◆ Material provided ◆
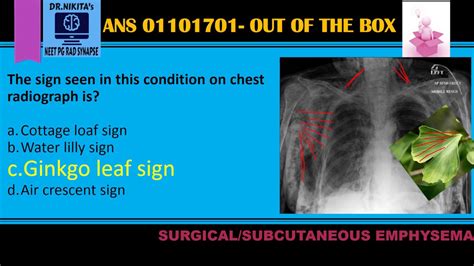 Subcutaneous Emphysema Cxr Gingko Leaf Sign Youtube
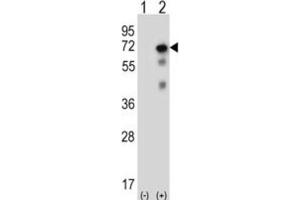 Western Blotting (WB) image for anti-Ubiquitin Specific Peptidase 2 (USP2) antibody (ABIN3001466) (USP2 antibody)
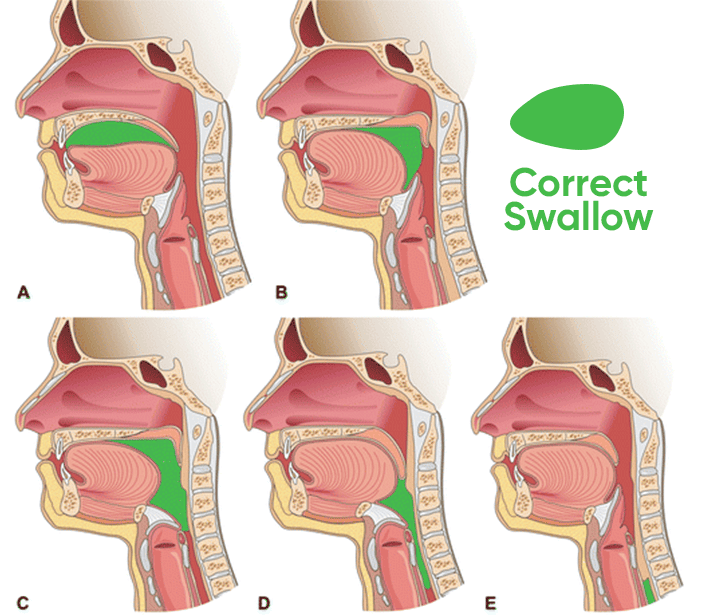 How To Swallow Correctly While Mewing Ach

◆ Exercise aim ◆
The answer is the listing above restated word for word, pictures removed.

◆ Answer to this exercise ◆
 Subcutaneous Emphysema Cxr Gingko Leaf Sign Youtube
 Western Blotting (WB) image for anti-Ubiquitin Specific Peptidase 2 (USP2) antibody (ABIN3001466) (USP2 antibody)
 How To Swallow Correctly While Mewing Ach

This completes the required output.